My hon. Friend is perfectly entitled to take that point of view, but should always remember that he fought the previous general election on retaining Trident. A pledge to do so was in both the general election manifesto and the draft manifesto, which was endorsed by 95 per cent. of the Labour party. Insurance is the answer to his simple question about why we need the missiles—which, today, are de-targeted. In the future, neither we nor anyone else can tell what dangers will exist in an increasingly unstable world. That is why we have those missiles. My hon. Friend also says that a growing opinion holds that nuclear arms should be done away with and that they are illegal. I tell him that, at the weekend, in Newcastle, I attended a Labour party policy forum, at which only one question about nuclear weapons was asked. The party member said that we had not got enough of them, and that one submarine on patrol was not enough. No one demurred.

Miss Anne McIntosh (Vale of York)

Will the Secretary of State put my mind at rest?

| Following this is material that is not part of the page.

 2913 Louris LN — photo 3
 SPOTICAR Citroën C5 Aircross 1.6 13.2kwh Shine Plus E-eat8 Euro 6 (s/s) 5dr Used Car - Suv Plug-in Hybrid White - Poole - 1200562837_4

Is the hon. Member for Islington, North (Mr. Corbyn) a lone voice in the wilderness, or does the Labour party in government still insist on its campaign for nuclear disarmament?

Mr. Robertson

The hon. Lady clearly prepared that question in advance. She was therefore unaware of what I would say, and did not bother listening to my answer. The Labour party fought the general election on the basis that we would keep Trident. We are committed also to further reductions and to moving towards a world without nuclear weapons. We are fulfilling both those objectives in what we have said and in the proposals that we have made in the strategic defence review.